Even if these eggs don't survive...
I was planning on heading out today after work to purchase a 20 gallon tank for possible future eggs.

I heard you need airstone, spongefilter?(is another filter acceptable if it has an adjustable flow rate?),heater..and to use methylene blue....2-3 drops per gallon? to prevent fungus...does anyone know if that's good to use and where I can generally aquire this?.
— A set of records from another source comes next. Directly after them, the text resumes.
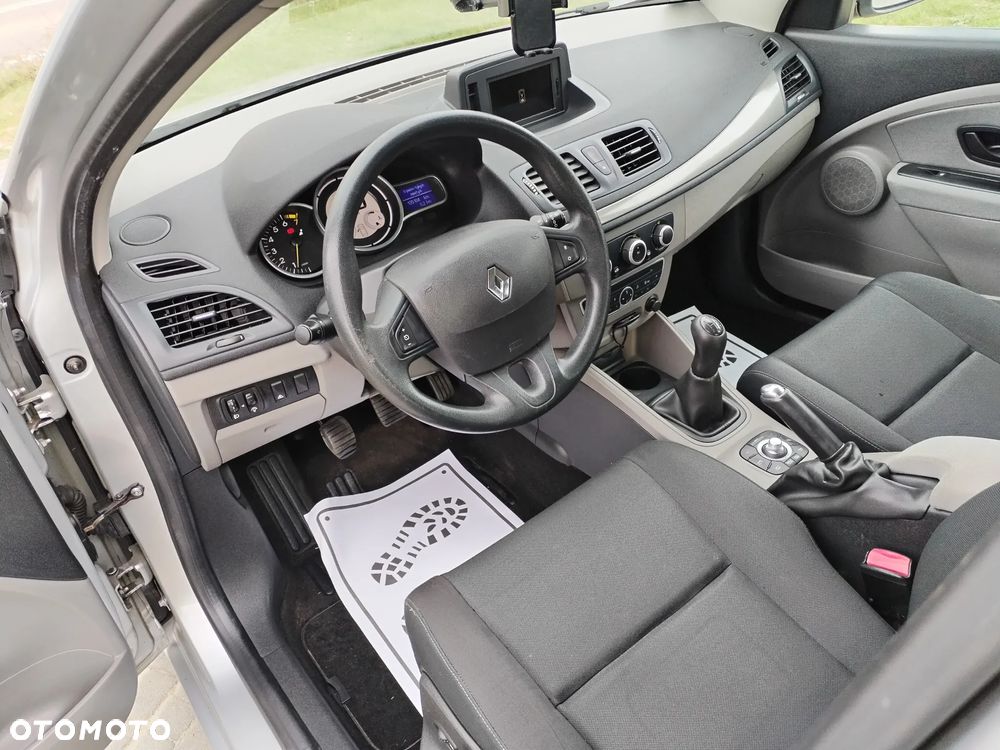 Renault Megane 1.6 16V 100 TomTom Edition - 28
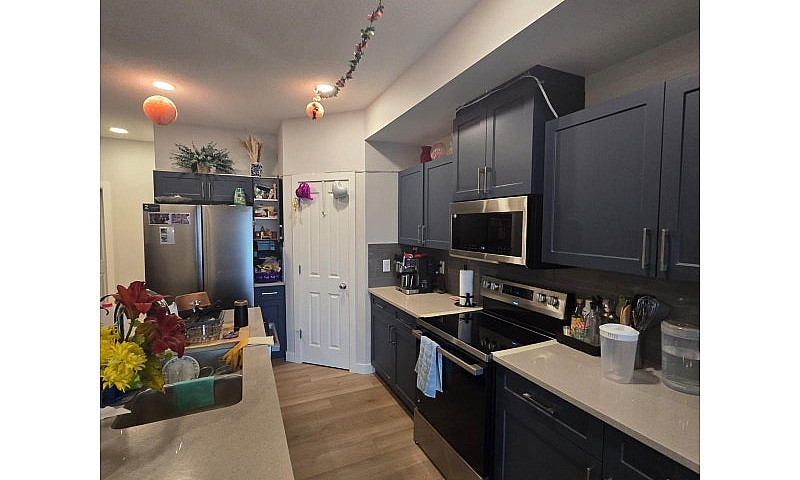 3014 9 St Nw Edmonto...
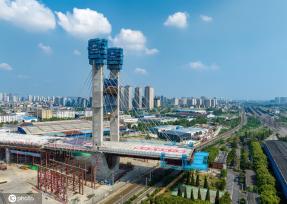 世界首座齿轮齿轨式转体斜拉桥顺利转体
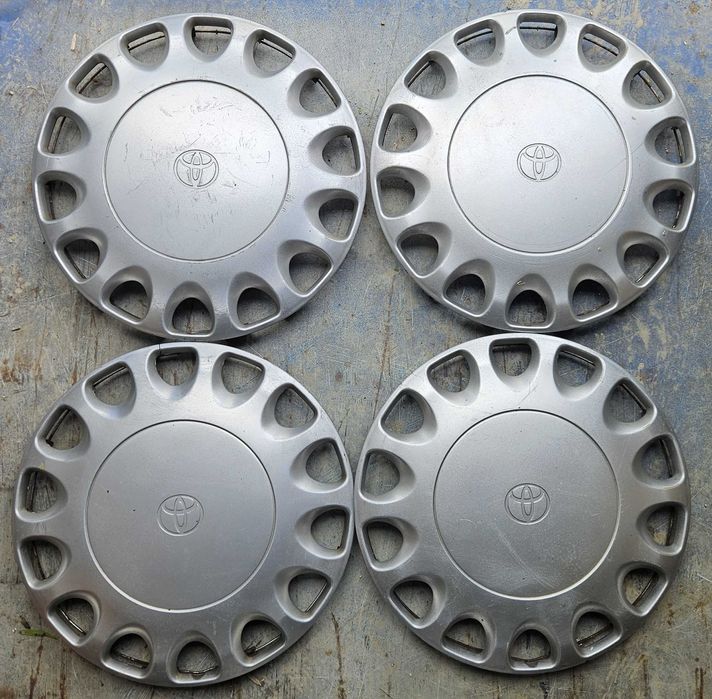 Kołpaki Toyota Yaris I (P1) 14" 14 cali - komplet 4szt. - oryginalne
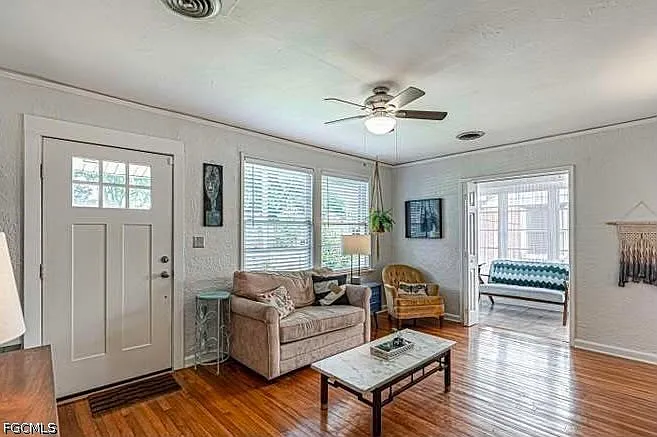 4819 Attleboro St — Photo 29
Also, everywhere talks about moving the slate slab from the origional tank..but, I didn't have one set up and clearly they bred on a live plant leaf..how would I move the eggs over safely?

Thanks.


----------



## Byron (Mar 7, 2009)

Adding angelfish to an established group (even if only 3) frequently ends in failure as you have mentioned. Angels are territorial fish, and they consider the tank theirs. It varies, but the dominant fish in a group will frequently drive any intruders away, to the point of killing them. Unless you move them to a completely different tank with a new environment, I would not attempt adding more fish to the group. And even this does not always work.

Fertile eggs will be translucent, somewhat amber-coloured. Infertile eggs are white. Sometimes a few eggs within the clutch do not get fertilized and turn white. The parents will remove these by eating them. They constantly fan the eggs to prevent fungus which can also kill the egg.
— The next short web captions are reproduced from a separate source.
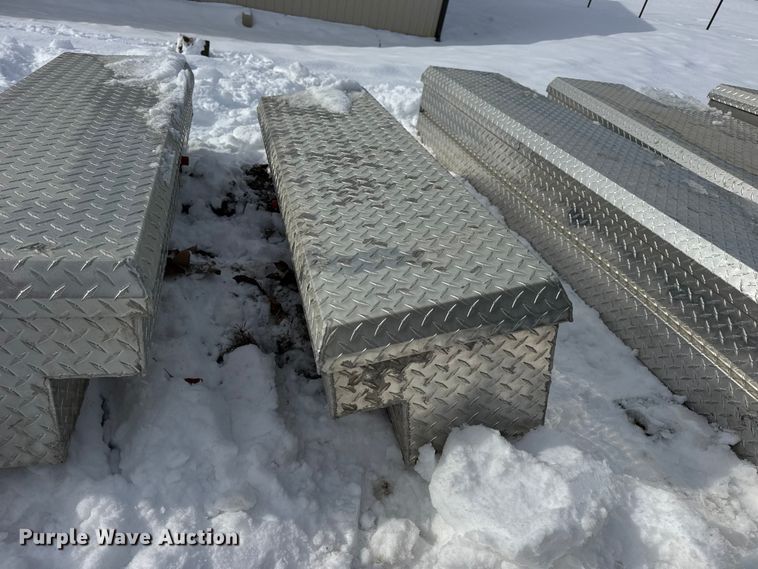 image for item EN0738 (12) toolboxes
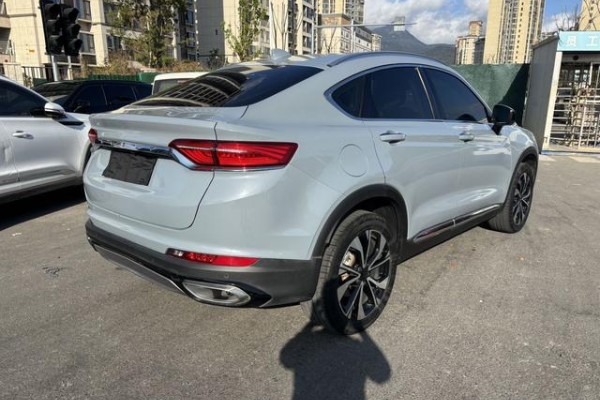 2021 Geely Tugella с пробегом 45 000 км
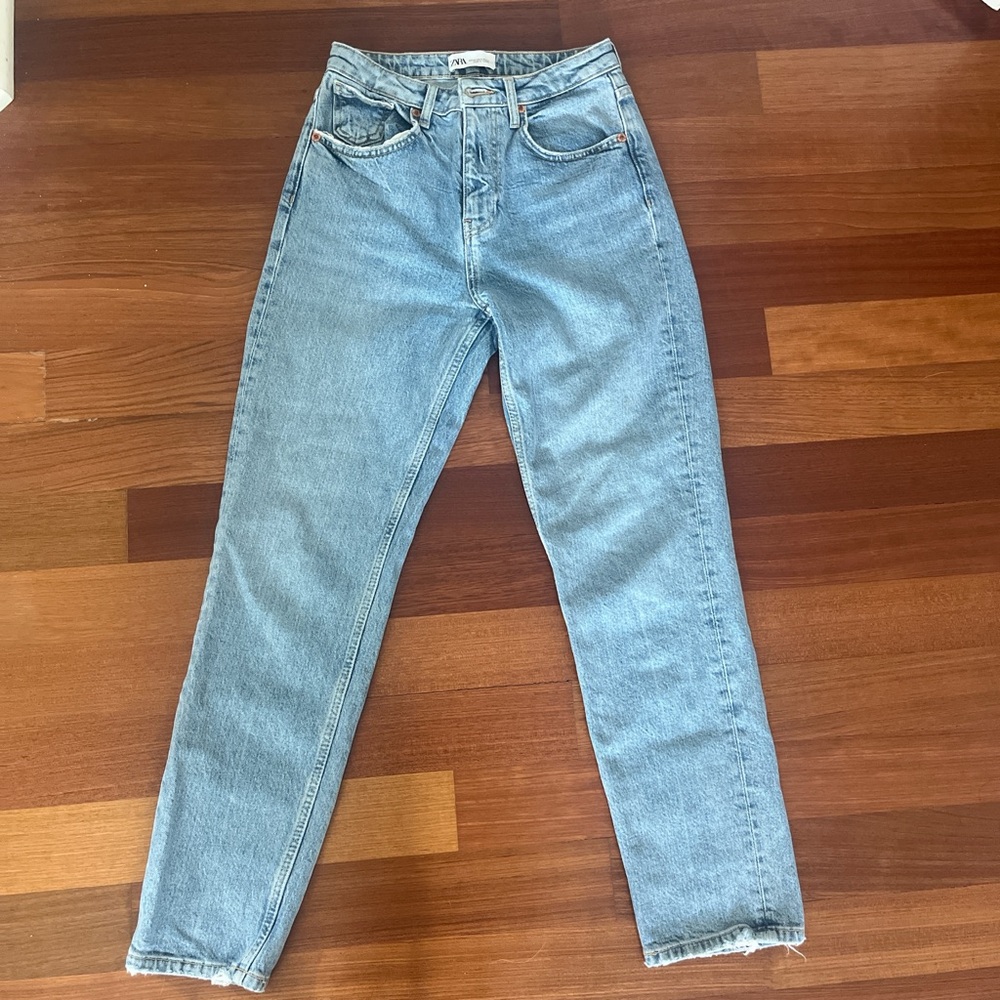 Zara Blue Straight Leg Jeans Timeless Style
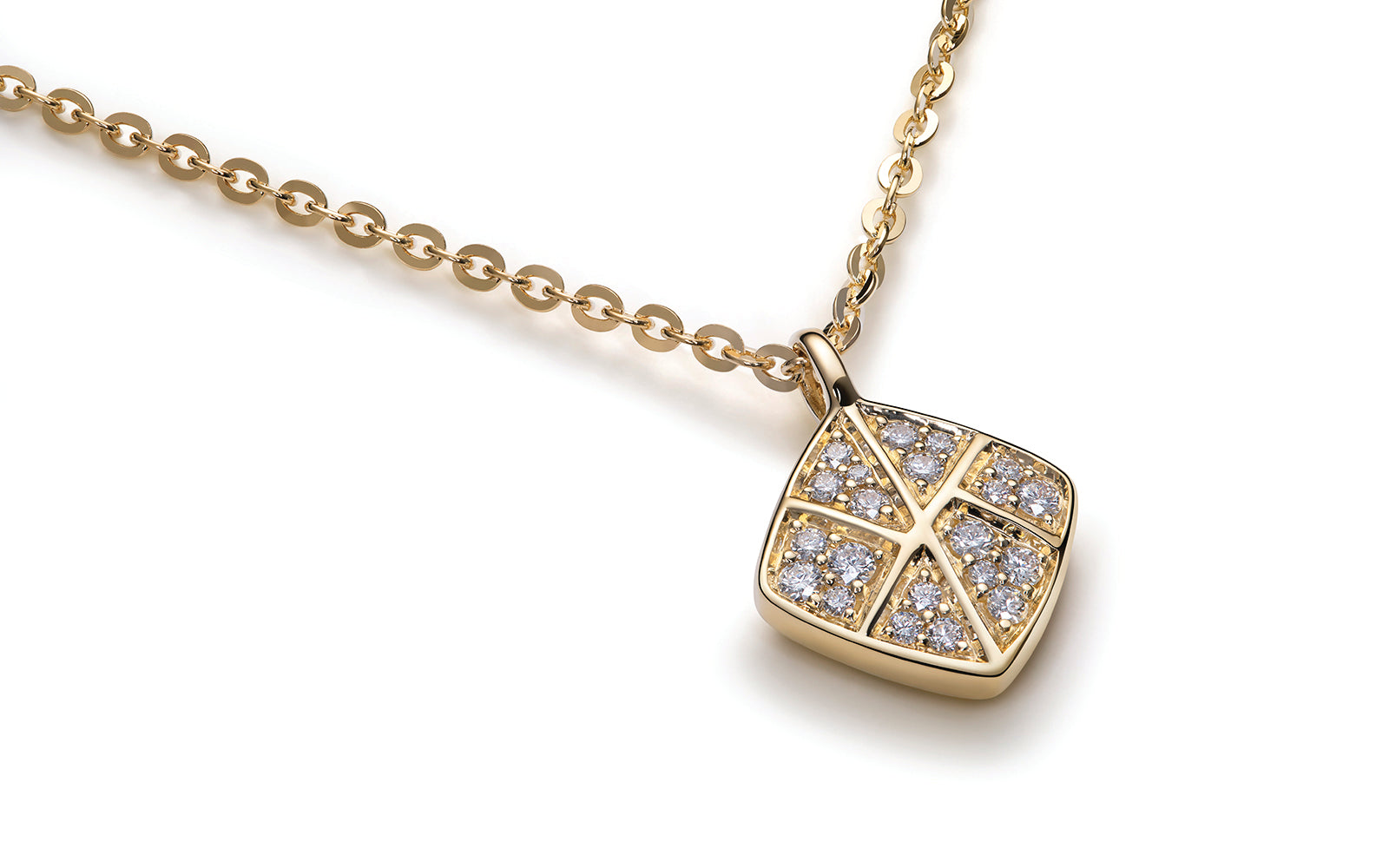 0.45ct D Flawless Diamond Necklace set in 18K Yellow Gold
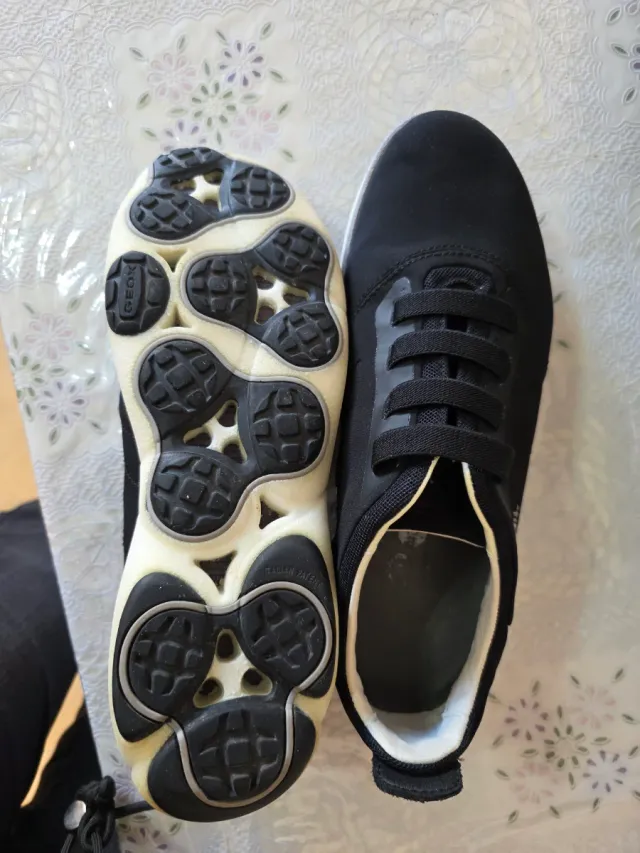 Zapatilla Geox Negra y Blanca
Female angels have been known to lay eggs with no male present, and tend them, at least for a while.

Wild-caught angels tend to make better parents right from the first spawning. Commercially tank-raised angels frequently eat their first several spawns, usually during the egg stage. It takes about 60 hours for the eggs to hatch. If the parents are stressed by anything, they will often quickly eat the eggs or the young fry if they have hatched. It is a natural instinct. The idea seems to be better they get the nourishment than a predator. It can take several spawnings before tank-raised fish are successful.

Having other fish in the tank is a risk if you want to successfully rear the fry. Once fish know eggs are present, or fry if they should hatch, they can be very determined in getting them. And while the parents may manage to protect them during daylight, it is at night they often fail, when nocturnal fish (any catfish for example) will have a feast.

It is fascinating to watch the parents guarding their eggs and then shepherding the fry around the tank. If only they are in the aquarium, this could be successful (eventually, bearing in mind the above). If you want to ensure success, either move the parents (only) to a spawning tank which can be a 20g high, or remove the eggs to a small tank, a 5g or 10g will work. Place the leaf [slate works better but this usually means a bare tank except for a piece of slate on which the eggs will be laid] next to an airstone with a fine spray; this replicates the parents' fanning to keep the eggs clean. Methylene blue can be added to the water to prevent fungus, or acriflavin is sometimes added too. A sponge filter will keep the water clean and not trap the fry once they hatch. They will enjoy picking off bits of plankton and food from the sponge. Food for fry is usually newly-thatched brine shrimp.

Byron.


----------



## kattty (Jul 22, 2010)

Byron said:


> Adding angelfish to an established group (even if only 3) frequently ends in failure as you have mentioned. Angels are territorial fish, and they consider the tank theirs. It varies, but the dominant fish in a group will frequently drive any intruders away, to the point of killing them. Unless you move them to a completely different tank with a new environment, I would not attempt adding more fish to the group. And even this does not always work.
> 
> Fertile eggs will be translucent, somewhat amber-coloured. Infertile eggs are white. Sometimes a few eggs within the clutch do not get fertilized and turn white. The parents will remove these by eating them. They constantly fan the eggs to prevent fungus which can also kill the egg.
> 
> ...


O yes,I know they are very territorial and I haven't tried adding any newbies in forever. I'm content with just the two.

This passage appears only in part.